Nuits 21

Prochaines dates : 

> revenez régulièrement par ici pour savoir quand venir voir ce spectacle ! 

 

 

 

 

23h30

"- Tu vois, moi j'ai appris à écrire à 9 ans, sur le tard, quoi, vous voyez.
Et mes parents, jamais ils ne m'ont lâchée, tu vois, même sur le tard, le tas.
Alors depuis tous les soirs moi j'écris, j'écris pour eux, parce que je leur dois tout, vous voyez.
J'voudrais écrire un album, un album d'amour pour mes parents, pour qu'il soit vendu en des millions d'exemplaires et pour que tout le monde sache l'amour de mes parents, l'amour pour mes parents.
J'peux te lire mon texte d'aujourd'hui ?
Il s'appelle Papa Mon Amour."

 

[ Extrait des captations multimedia]

recueil et mise en scène  Charlotte Piarulli

 

conception et création décor  Mathilde Pachot

 

interprètes  Pierre-Benoît Duchez, Laurie Montamat, Lili Payre

 

régie technique  Mathilde Pachot

 

partenaires  association Trisomie 21-Haute-Garonne, Chercheurs d'Etoiles, La Maison du Parc National et de la Vallée - Luz Saint Sauveur, reste des partenaires en cours

 

production  Aphélie Cie, Mairie de Toulouse, Dilcrah, Région Occitanie

Ce spectacle a été lauréat de l'Appel à projet "Egalité Femmes-Hommes dans le domaine de la Culture", initié par la Région Occitanie.

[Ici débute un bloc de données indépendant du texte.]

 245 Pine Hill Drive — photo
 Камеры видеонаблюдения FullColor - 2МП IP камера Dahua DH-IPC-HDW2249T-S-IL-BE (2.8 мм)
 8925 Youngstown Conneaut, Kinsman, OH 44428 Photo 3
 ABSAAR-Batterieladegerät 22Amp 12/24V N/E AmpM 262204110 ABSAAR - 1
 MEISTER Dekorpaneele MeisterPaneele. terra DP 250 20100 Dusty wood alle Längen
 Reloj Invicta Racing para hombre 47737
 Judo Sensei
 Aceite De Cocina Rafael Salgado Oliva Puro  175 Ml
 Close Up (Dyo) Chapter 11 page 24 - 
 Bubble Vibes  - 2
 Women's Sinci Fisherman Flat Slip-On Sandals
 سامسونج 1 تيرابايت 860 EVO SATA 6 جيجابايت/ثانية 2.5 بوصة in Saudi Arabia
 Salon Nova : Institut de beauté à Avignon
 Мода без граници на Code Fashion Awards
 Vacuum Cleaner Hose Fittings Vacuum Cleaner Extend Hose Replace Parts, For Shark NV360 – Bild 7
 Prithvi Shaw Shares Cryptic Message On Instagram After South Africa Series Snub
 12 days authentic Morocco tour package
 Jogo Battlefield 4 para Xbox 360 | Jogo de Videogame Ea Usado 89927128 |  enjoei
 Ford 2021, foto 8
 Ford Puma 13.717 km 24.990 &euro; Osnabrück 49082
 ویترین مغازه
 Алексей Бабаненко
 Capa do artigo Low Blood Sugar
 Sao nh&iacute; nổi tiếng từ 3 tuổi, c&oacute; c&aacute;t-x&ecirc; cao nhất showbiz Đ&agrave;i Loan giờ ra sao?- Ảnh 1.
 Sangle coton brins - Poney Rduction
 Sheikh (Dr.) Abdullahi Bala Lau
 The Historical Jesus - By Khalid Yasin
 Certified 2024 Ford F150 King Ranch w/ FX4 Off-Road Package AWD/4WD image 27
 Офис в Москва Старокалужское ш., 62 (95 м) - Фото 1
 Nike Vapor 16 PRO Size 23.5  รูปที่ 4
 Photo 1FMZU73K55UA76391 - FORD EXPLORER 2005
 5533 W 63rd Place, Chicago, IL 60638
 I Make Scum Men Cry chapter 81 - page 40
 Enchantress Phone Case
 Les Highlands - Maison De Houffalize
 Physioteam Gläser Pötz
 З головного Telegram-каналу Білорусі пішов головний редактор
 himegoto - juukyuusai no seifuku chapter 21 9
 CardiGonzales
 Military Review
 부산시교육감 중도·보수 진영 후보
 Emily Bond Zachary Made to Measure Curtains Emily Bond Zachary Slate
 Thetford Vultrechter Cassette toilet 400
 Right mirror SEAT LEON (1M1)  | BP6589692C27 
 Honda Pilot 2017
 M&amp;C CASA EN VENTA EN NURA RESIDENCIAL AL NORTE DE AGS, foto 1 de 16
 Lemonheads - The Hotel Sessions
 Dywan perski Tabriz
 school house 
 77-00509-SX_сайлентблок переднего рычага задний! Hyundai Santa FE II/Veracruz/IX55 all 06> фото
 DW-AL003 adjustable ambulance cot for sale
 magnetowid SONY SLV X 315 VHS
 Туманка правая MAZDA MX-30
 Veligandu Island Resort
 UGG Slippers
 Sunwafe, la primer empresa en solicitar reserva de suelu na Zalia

Il a également été retenu dans le cadre de l'appel à projet "Prévention et Lutte contre les discriminations", organisé par la Mairie de Toulouse et la DILCRAH.

 

spectacle à deux formes, l'une conçue pour l'extérieur (installation plastique avec performances), l'autre pour l'intérieur

 

durée  entre 30 minutes et 4 heures

 

tout public, à partir de sept ans

 

> Nuits 21 dossier de présentation

> fiche technique

Note d'intention

Entre octobre 2018 et mars 2019, j’ai travaillé comme veilleuse de nuit auprès de huit personnes porteuses d’une Trisomie 21 et accueillies, pendant cinq mois, dans un appartement dans lequel ils ont pu expérimenter la colocation. J’ai accompagné ces jeunes adultes sur les temps du soir, de la nuit et du matin dans l’acquisition d’une autonomie plus grande.

L’enjeu de ces séjours d’apprentissage est de donner à ces jeunes adultes les moyens d’envisager à terme de vivre seuls, dans leur propre appartement.

 

Sur ces temps de nuit et de réveil, j’ai écouté et recueilli les confidences, les peurs, les coups de gueule de ces huit personnes sur lesquelles je « veillais ». Je me suis rendu compte que, dans la plupart des récits que j’ai écouté, ces personnes évoquaient sans cesse « le dehors » et « les autres ». Les autres, ce sont ceux qui ne sont pas dans la structure. qui les regardent. Qui ne comprennent pas, qui ne font pas attention. Qui sont parfois dangereux. Ce sont ceux qui sont hors de leurs chambres, hors de leurs vies, hors du Cadre. Ce « dehors » se faisait tour à tour, dans leurs mots, menaçant, désirable, fascinant.

L’idée est de rassembler ces témoignages dans un objet artistique qui puisse faire écho à ces moments crépusculaires et matinaux. Il s’agit de faire apparaître, avec la même honnêteté qu’en ces moments de confidences, la singularité des personnes rencontrées au-delà de la pathologie qui, trop souvent, suffit à leurs interlocuteurs pour les identifier.

Cet objet artistique constituera le deuxième opus de la série des Pures Coïncidences.